HDP determined to go to polls as party to challenge Turkish election threshold

HDP determined to go to polls as party to challenge Turkish election threshold

ANKARA
HDP determined to go to polls as party to challenge Turkish election threshold

Peoples’ Democratic Party co-leader Selahattin Demirtaş. DHA Photo

Selahattin Demirtaş, the co-leader of the Peoples’ Democratic Party (HDP), has said the debate about entering the upcoming general elections with independent deputies is "over," stressing his confidence that the party will surpass the 10 percent election threshold.

“We are determined to go to the polls as a party,” Demirtaş said in an interview with Haberturk late on Jan. 13.  

The HDP went into the 2011 elections with independent candidates to bypass the threshold before founding its parliamentary group, which today has 27 members.

“There is nothing to discuss on this issue,” Demirtaş said, following a public debate, mainly between himself and Deputy Prime Minister Bülent Arınç, over whether the party would succeed in re-entering parliament after the July elections.

The jailed leader of the outlawed Kurdistan Workers’ Party (PKK), Abdullah Öcalan, also backs their decision, Demirtaş said.

The presidential elections on Aug. 10, 2014, encouraged the HDP, as Demirtaş, a joint candidate of his party and other small political groups, nearly reached 10 percent against the winner, President Recep Tayyip Erdoğan, and the other opposition parties’ joint candidate, Ekmeleddin İhsanoğlu.

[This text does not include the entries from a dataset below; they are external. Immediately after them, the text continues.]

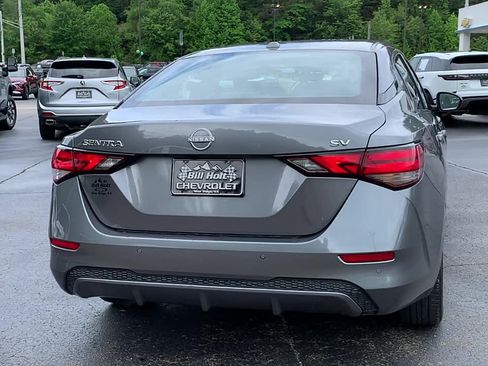 Used 2024 Nissan Sentra SV FWD image 3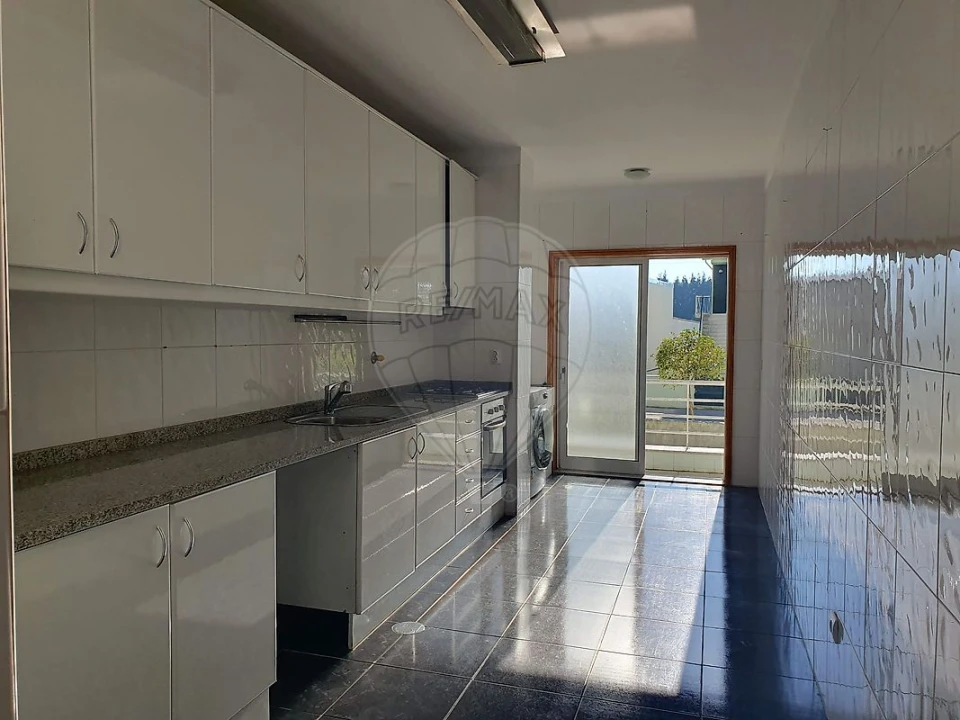 Apartamento T2 para Venda em Canelas Foto 4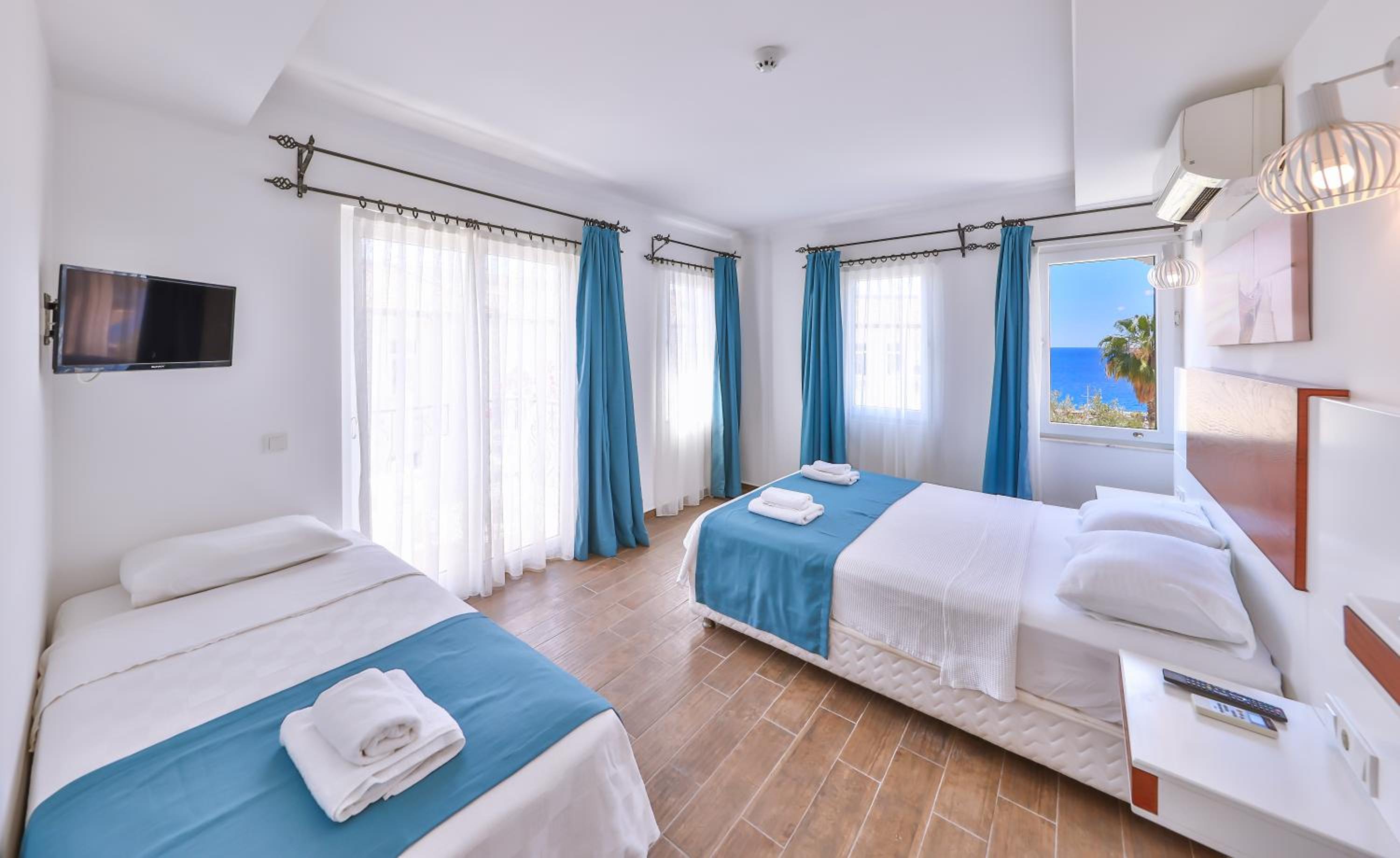 Mina Apart Hotel - Image 10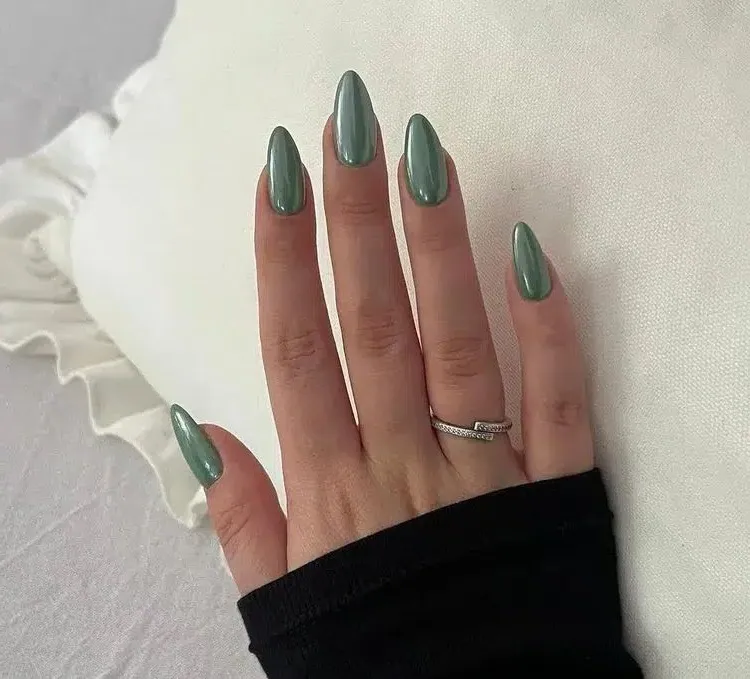 glazed donut nails in grün für mandelförmige nägel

“Surveys show that our vote is at around 9.5 percent today and we have not launched an election campaign yet,” he said, expressing confidence in the results that efforts by local party organizations would yield.

“Turkey will be introduced to a new HDP,” he added.

Entering the elections as a party was a decision they made before the presidential election, Demirtaş said, while also once again ruling out any possibility of joining forces with the main opposition Republican People’s Party (CHP).

“This is out of the question,” he said.